Los ‘escraches’ de la PAH como legítimo ejercicio de la libertad de crítica
Se
ha dicho mucho en la última semana acerca de la legitimidad del
‘escrache’. Pero a menudo se ha tratado de un juicio abstracto, que
prescinde tanto de las razones de la PAH como del contexto concreto que
lo origina. Como es sabido, esta modalidad de protesta nació en
Argentina con un doble objetivo. Por un lado, dar respuesta a la falta
de actuación estatal en el esclarecimiento de los crímenes cometidos
durante la dictadura. Por otro, hacer visibles en el espacio público a
quienes, beneficiándose de dicha impunidad, pretendían pasar
inadvertidos.

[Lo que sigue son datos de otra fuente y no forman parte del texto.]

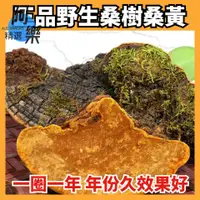 在飛比找蝦皮購物優惠-野生純天然桑黃 正宗桑樹桑黃 三高助手 金邊桑黃 桑黃靈芝 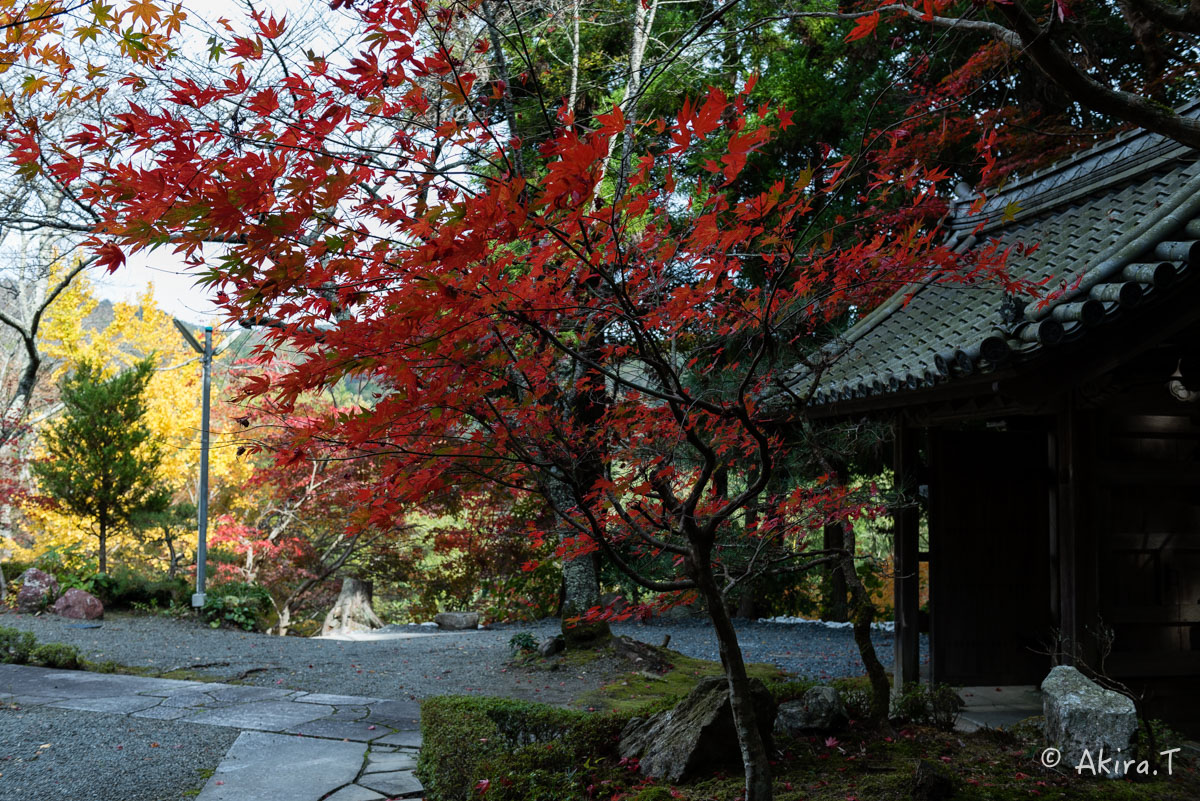 京都・亀岡の紅葉 2015 〜積善寺〜 2_f0152550_16404037.jpg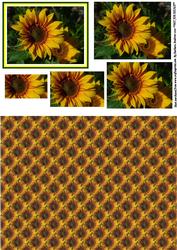 Bright Sunflower Pyramid with Backing Paper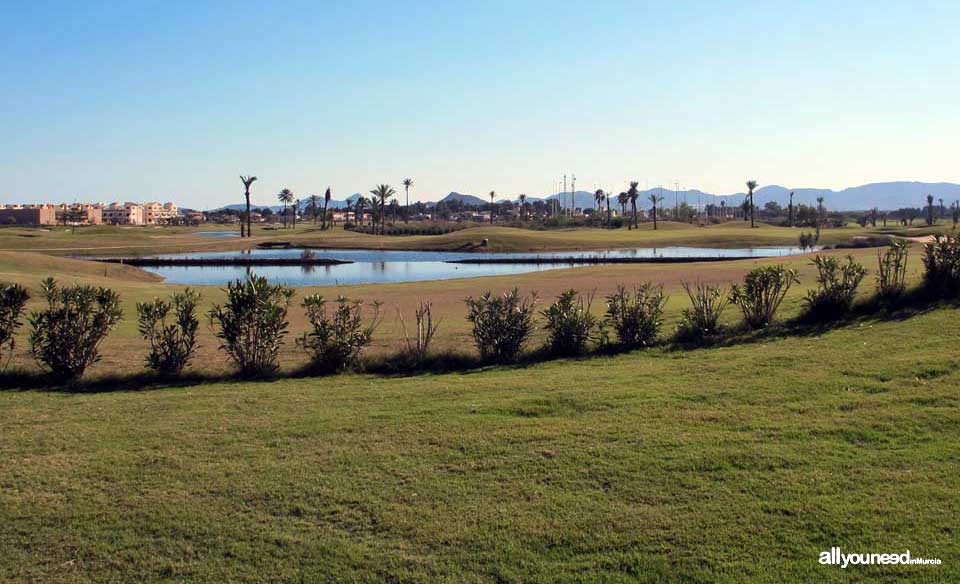 Serena Golf. Los Alcázares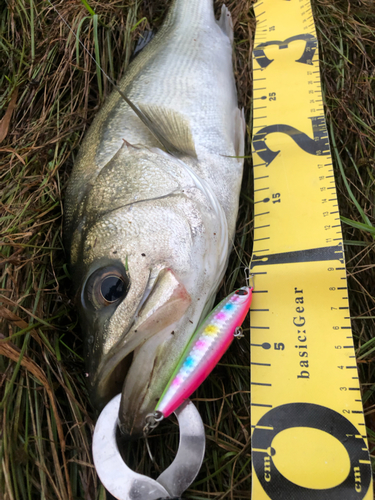 シーバスの釣果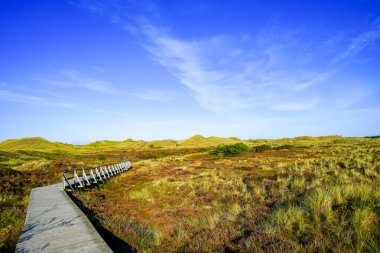 Kuzey Frizya adası Amrum 'daki kum tepelerinin manzarası. Kuzeyde manzara var. Kuzey Denizi adasında doğa.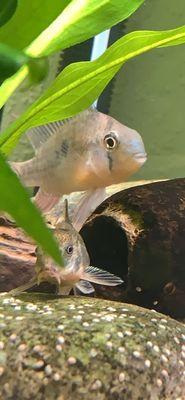 Bolivian ram and peppered corydora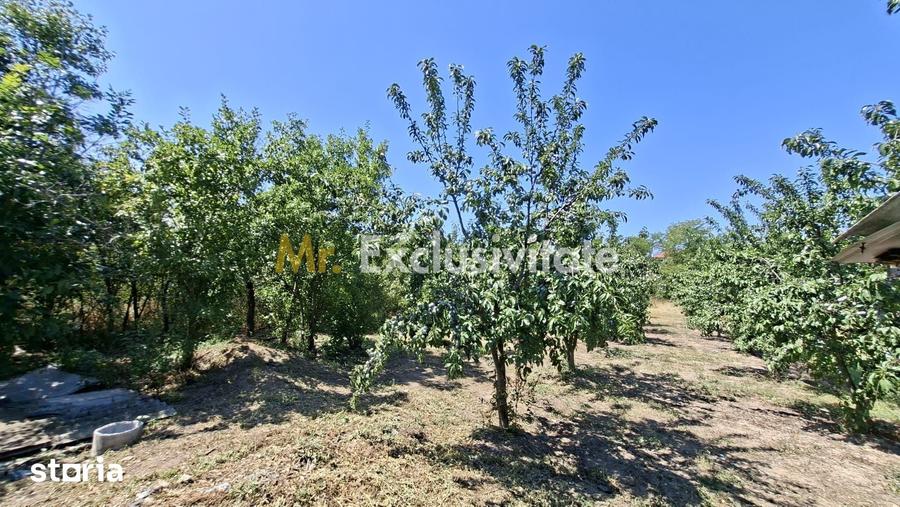 Casă cu 3 camere cu Teren 1667 Mp în Teiu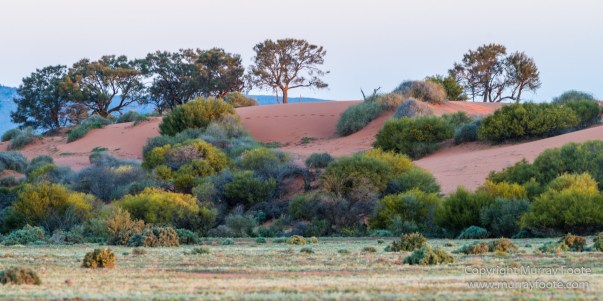 Architecture, Australia, Cazneau Tree, Flinders Ranges, Central Bearded dragon, Landscape, Macro, Merna Mora Station, Nature, Photography, South Australia, Travel, Wilderness, Wildlife, Yellow-footed rock-wallaby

Si se compara la situación argentina con la española, se
detectan diferencias evidentes. Parece excesivo, por ejemplo, comparar
las desapariciones y asesinatos masivos provocados por la dictadura
argentina con el “genocidio financiero” simbólicamente denunciado por la
PAH. Del mismo modo, puede resultar desmedido equiparar a los
responsables de crímenes de lesa humanidad con los miembros de un
gobierno o de un grupo parlamentario que se niega a aprobar una
iniciativa legislativa popular
.
Dicho
esto, las similitudes tampoco pueden minimizarse. A diferencia de
Argentina, es verdad, el caso español no admite hablar de “genocidio”.
Pero sí de una vulneración generalizada y persistente de derechos que no
puede equipararse a un reclamo de privilegios o a un capricho aislado.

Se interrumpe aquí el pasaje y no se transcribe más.